Phosphatidylinositol 4,5-bisphosphate (PIP2) is the obligatory precursor of inositol 1,4,5-trisphosphate (InsP3 or IP3) and is therefore critical to intracellular Ca2+ signaling. Using RNA interference (RNAi), we identified the short splice variant of type I phosphatidylinositol 4-phosphate 5-kinase γ (PIP5KIγ87) as the major contributor of the PIP2 pool that supports G protein–coupled receptor (GPCR)-mediated IP3 generation. PIP5KIγ87 RNAi decreases the histamine-induced IP3 response and Ca2+ flux by 70%. Strikingly, RNAi of other PIP5KI isoforms has minimal effect, even though some of these isoforms account for a larger percent of total PIP2 mass and have previously been implicated in receptor mediated endocytosis or focal adhesion formation.
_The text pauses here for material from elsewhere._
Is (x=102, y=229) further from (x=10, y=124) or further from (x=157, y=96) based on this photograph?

Therefore, PIP5KIγ87's PIP2 pool that supports GPCR-mediated Ca2+ signaling is functionally compartmentalized from those generated by the other PIP5KIs.
Phosphatidylinositol 4,5-bisphosphate (PIP2) regulates multiple plasma membrane (PM) functions (Doughman et al., 2003; Yin and Janmey, 2003), and it is also a substrate for PLC-mediated inositol 1,4,5-trisphosphate (InsP3 or IP3) generation. In spite of PIP2's obligatory role as an IP3 precursor, and the importance of IP3 mediated Ca2+ signaling, surprisingly little is known about the identity of the phosphoinositide kinases involved. Unlike yeast, which has a single type I phosphatidylinositol 4-phosphate 5-kinase (PIP5KI) that synthesizes PIP2 (Audhya and Emr, 2003), mammals have three major PIP5KI isoforms named α, β and γ (Doughman et al., 2003).
PIP5KIγ has two splice variants (PIP5KIγ87 and 90) that are distinguished by a 28–amino acid extension at the COOH terminus of PIP5KIγ90 (Di Paolo et al., 2002; Ling et al., 2002; Fig. 1 A). PIP5KIγ90 is particularly enriched in neurons (Wenk et al., 2001); it is the major PIP2 synthesizing enzyme at the synapse, where it has been implicated in the regulation of clathrin coat recruitment, actin dynamics (Wenk et al., 2001) and focal adhesion formation (Di Paolo et al., 2002; Ling et al., 2002). In contrast, PIP5KIγ87 is not involved in focal adhesion formation or clathrin-mediated endocytosis (in HeLa cells; Padron et al., 2003).
Here, we examined the role of PIP5KIγ87 in intracellular Ca2+ signaling. Previous biochemical studies have shown that cells have agonist-sensitive and -insensitive PIP2 pools (Koreh and Monaco, 1986). Inhibitor studies suggest that the agonist-sensitive pool can be further classified as constitutive or de novo generated in response to agonists (Nakanishi et al., 1995). Some of these pools are enriched in cholesterol–sphingolipid raft domains (Pike and Casey, 1996) and the stringent spatial and temporal regulation of Ca2+ may be specified by assembling key players into supramolecular signaling complexes (Delmas et al., 2004). We now report that PIP5KIγ87 is the major source of the agonist-sensitive PM PIP2 pool that fuels the initial Ca2+ response to external stimuli.
Results And Discussion
Knockdown of PIP5KIγ87 by RNA interference
We use small interfering RNA (siRNA) mediated RNA interference (RNAi) to knockdown each PIP5KI individually (Padron et al., 2003). Anti-PIP5KIγpan antibody recognizes a sharp 87-kD band and a slower migrating diffuse band (Fig. 1 B) which is probably hyperphosphorylated PIP5KIγ87 (Park et al., 2001; Wenk et al., 2001). Anti-PIP5KIγpan stains the PM, the perinuclear region and the nucleus (Fig. 1 D). Low level HA-PIP5KIγ87 overexpression confirms that PIP5KIγ is enriched in the PM and punctate internal structures, but rules out nuclear localization.
Biochemical fractionation shows that 60% of PIP5KIγ87 is sedimented by high speed centrifugation (Fig. 1 E), and approximately two thirds of this is associated with the PM enriched fraction. PIP5KIα is much more membrane bound, whereas PIP5KIβ is least membrane associated. Therefore, these PIP5KIs have different patterns of membrane association. Nevertheless, each can potentially generate PIP2 at the PM and internal membranes.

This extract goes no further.